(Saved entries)
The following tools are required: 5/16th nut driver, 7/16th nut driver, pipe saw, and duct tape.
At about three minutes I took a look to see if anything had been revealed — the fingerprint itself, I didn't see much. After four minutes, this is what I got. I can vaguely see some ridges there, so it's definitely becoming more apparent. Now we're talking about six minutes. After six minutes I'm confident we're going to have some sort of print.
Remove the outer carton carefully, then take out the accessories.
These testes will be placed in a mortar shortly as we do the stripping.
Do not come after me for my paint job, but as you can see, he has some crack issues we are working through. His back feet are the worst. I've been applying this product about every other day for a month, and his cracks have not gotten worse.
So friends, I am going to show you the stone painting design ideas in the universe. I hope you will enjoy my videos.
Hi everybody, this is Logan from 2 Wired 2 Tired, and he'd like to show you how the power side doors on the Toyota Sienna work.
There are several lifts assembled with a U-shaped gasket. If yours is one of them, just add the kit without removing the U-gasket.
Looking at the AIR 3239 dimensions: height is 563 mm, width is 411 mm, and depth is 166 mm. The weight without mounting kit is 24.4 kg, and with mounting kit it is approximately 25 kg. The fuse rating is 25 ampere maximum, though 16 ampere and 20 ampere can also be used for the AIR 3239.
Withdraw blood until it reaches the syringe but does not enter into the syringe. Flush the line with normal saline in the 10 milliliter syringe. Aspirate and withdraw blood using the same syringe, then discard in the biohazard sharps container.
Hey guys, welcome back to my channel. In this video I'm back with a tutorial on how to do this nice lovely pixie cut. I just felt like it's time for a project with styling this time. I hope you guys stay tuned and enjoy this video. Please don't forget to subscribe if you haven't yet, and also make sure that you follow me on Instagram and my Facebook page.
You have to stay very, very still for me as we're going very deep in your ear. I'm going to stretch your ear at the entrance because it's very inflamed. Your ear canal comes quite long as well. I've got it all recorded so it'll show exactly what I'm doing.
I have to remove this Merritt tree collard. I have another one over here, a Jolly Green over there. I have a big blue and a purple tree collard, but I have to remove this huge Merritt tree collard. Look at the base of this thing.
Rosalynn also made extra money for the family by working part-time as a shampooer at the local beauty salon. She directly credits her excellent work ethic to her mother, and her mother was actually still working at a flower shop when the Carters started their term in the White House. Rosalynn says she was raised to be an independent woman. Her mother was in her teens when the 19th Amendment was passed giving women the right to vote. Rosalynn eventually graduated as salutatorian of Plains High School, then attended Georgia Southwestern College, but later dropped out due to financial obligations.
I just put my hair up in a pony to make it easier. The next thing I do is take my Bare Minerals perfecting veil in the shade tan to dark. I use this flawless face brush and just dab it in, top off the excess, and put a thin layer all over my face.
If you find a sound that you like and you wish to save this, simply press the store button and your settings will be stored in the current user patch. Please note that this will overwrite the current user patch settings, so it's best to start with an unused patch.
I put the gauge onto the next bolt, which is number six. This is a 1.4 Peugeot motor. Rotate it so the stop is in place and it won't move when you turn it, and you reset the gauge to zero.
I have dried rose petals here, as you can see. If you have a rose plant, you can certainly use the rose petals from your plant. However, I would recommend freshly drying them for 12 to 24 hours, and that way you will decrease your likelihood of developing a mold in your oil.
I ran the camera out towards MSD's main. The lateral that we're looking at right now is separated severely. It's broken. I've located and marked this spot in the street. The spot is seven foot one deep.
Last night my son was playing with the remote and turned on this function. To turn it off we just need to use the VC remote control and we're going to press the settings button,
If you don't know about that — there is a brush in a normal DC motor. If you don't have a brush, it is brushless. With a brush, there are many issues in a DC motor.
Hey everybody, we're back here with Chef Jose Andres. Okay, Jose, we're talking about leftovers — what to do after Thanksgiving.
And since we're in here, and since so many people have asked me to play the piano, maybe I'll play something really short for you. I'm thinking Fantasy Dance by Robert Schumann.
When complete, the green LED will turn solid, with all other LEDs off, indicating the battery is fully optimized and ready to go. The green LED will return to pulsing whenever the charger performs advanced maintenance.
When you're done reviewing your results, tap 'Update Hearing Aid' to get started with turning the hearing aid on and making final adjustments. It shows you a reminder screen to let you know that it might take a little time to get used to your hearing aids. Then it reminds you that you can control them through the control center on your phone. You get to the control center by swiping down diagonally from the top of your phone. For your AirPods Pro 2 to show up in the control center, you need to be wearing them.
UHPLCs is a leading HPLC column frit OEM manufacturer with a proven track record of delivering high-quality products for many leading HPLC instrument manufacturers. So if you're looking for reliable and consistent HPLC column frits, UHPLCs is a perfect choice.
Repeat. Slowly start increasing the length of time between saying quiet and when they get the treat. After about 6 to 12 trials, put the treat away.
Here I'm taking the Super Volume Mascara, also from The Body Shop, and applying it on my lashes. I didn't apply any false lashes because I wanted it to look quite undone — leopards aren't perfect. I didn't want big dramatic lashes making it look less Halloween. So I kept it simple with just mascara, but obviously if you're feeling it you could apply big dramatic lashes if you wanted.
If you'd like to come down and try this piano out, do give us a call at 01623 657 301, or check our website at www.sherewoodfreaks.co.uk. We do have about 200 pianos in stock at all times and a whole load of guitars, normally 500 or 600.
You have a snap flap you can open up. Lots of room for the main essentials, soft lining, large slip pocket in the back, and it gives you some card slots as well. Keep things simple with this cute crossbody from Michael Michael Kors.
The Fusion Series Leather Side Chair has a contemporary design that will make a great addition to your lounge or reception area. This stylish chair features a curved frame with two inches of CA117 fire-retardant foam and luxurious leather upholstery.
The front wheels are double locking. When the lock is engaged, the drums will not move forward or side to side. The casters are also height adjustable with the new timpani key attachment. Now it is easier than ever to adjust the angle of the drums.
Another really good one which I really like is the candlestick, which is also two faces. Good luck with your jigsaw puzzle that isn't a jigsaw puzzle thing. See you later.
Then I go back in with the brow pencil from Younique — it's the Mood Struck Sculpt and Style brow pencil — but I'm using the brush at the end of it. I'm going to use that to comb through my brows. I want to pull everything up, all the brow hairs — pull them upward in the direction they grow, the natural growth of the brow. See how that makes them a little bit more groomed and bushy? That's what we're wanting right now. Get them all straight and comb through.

#### What you have to do
From the entries above, give again exactly the lines running from the line with "Last night my" to the line with "Hey everybody, we're"; include both of those lines.

#### Problem solution
Last night my son was playing with the remote and turned on this function. To turn it off we just need to use the VC remote control and we're going to press the settings button,
If you don't know about that — there is a brush in a normal DC motor. If you don't have a brush, it is brushless. With a brush, there are many issues in a DC motor.
Hey everybody, we're back here with Chef Jose Andres. Okay, Jose, we're talking about leftovers — what to do after Thanksgiving.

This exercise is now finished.